Schandelmeier: Take in the sights and sounds of nature

John Schandelmeier

What does one see when taking a walk on the beach? It depends on where one walks, of course. What might be found along the ocean in Hawaii will be quite different than our Alaska shores.

Beyond the obvious -- the mud, rocks, gulls and garbage -- there is much to catch our interest. We tend to see things based on our profession or specific interests. A fisherman will see old corks, pieces of line and potential fishing spots. A birder will marvel at the variety of bird life. All of us will see much and miss more. If someone asks, "What did you see?", be sure your answer isn't "Not much."

Western Alaska beaches are quite varied. However, the place I am about to take you is, at first glance, a place of little interest or diversity. The intertidal shores of Kvichak Bay seem to be one endless gray stretch of mud, unappealing and lifeless. Bordering grasses mimic the undulating waves that restlessly gnaw at their roots.

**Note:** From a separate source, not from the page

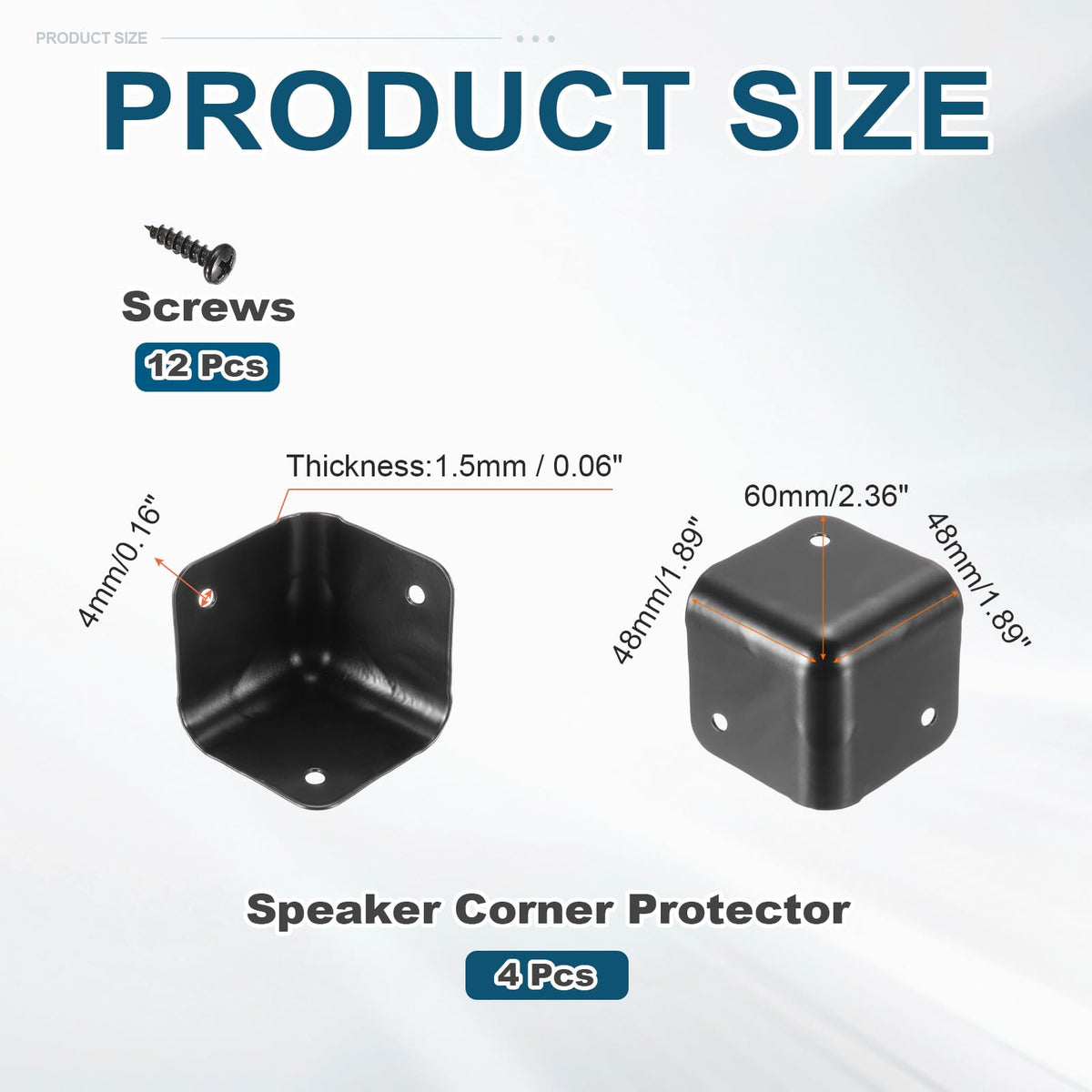 4 Pcs Metal Speaker Cabinet Corners Protector E62706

I slog from my skiff and drop the anchor as far from the water as the line will allow. The gray goo underfoot sucks at my boots in a seeming attempt to make me one with it. As I glance down, I see squiggly tracks traced in the mud. A worm has been here since the tide retreated. I follow the tracks a couple of feet and dig down an inch or so at their end point. A long, white worm as big around as pencil lead dives deeper as I poke and prod. I have no marine book, so cannot identify him.

A rush of wings passes by my head. A flock of 30 black oystercatchers swoop to land and run madly ahead of me, picking at the ground. They must like the worms. The birds bring me to a halt, and I suddenly become aware of the panoply of sound. How could I have missed it? Easy. We only pay attention to the unfamiliar. We miss the obvious that is with us day to day. Mew gulls, herring gulls, Arctic and Aleutian terns are in the air around me. I stand for 20 minutes without moving. Sandhill cranes, a flock of white-winged scoters and a pair of pintails cruise by. Just off the beach, a seal turns for a quick look, his nose and eyes just clearing the water.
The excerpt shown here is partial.